There are quite some fixes since 5.2.1, though not all are relevant for a bugfix, rather for a minor release. The target for a minor release can be in a month or so, will include the new ganglia feature, and JURA->ES, if done, and hopefully the mutex problem.
S3 fixes need to be backported. The minor release also must involve the OpenSSL change. If 5.3 introduces a lot of new code for older systems (EL6 and such), it would need some serious testing. Non-RFC proxies should not be supported, even though some services still use only them. But dropping non-RFC proxies support amounts to backwards incompatibility.
Bug fixes are now applied to 5.2.x but not to 5.3, so there is a risk of divergence.

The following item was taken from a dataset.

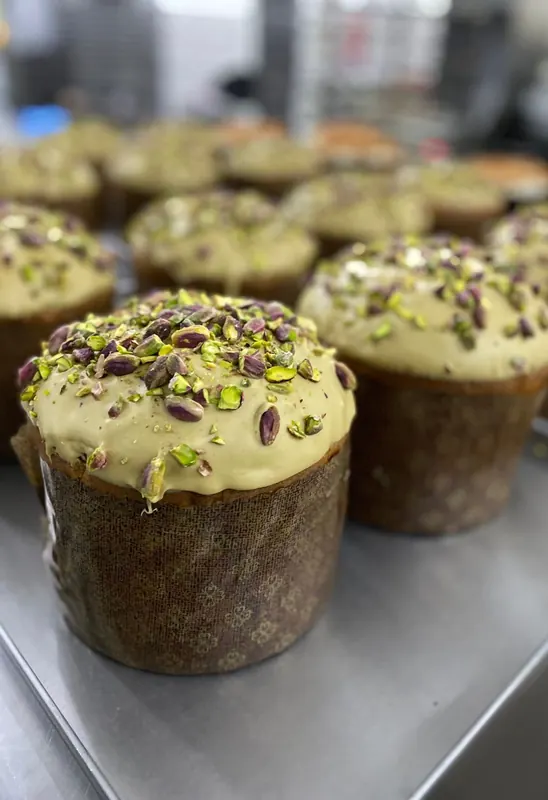 Small panettoni topped with pistachio cream and chopped pistachios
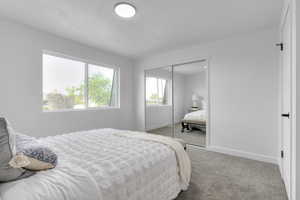 Bedroom with carpet flooring and a closet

Everybody agrees that 5.3 needs a lot of testing.
Decision: merge bugfixes into 5.3, run testing and move over to 5.3. For a proper testing a production site needs to try the 5.3 release candidate, something like EGI Early Adopters.
Code freeze is scheduled to 4 weeks from now (March 21).
= Bugs
Florido removed the heartbeat code from everywhere, which probably fixes a couple of bugs.
* 3633: not fixed yet, though it might not be a blocker; superuser processes should be careful when writing into a directory other users can write into. Aleksandr says it is easier to drop the entire performance logging code than fixing the bug properly. Demoted to critical.
* 3637: Anders might still have a core, a backtrace might be useful
* 3636: no progress, an access via gridftp to the offensive site can be arranged
* 3635: Anders accidentally may have fixed it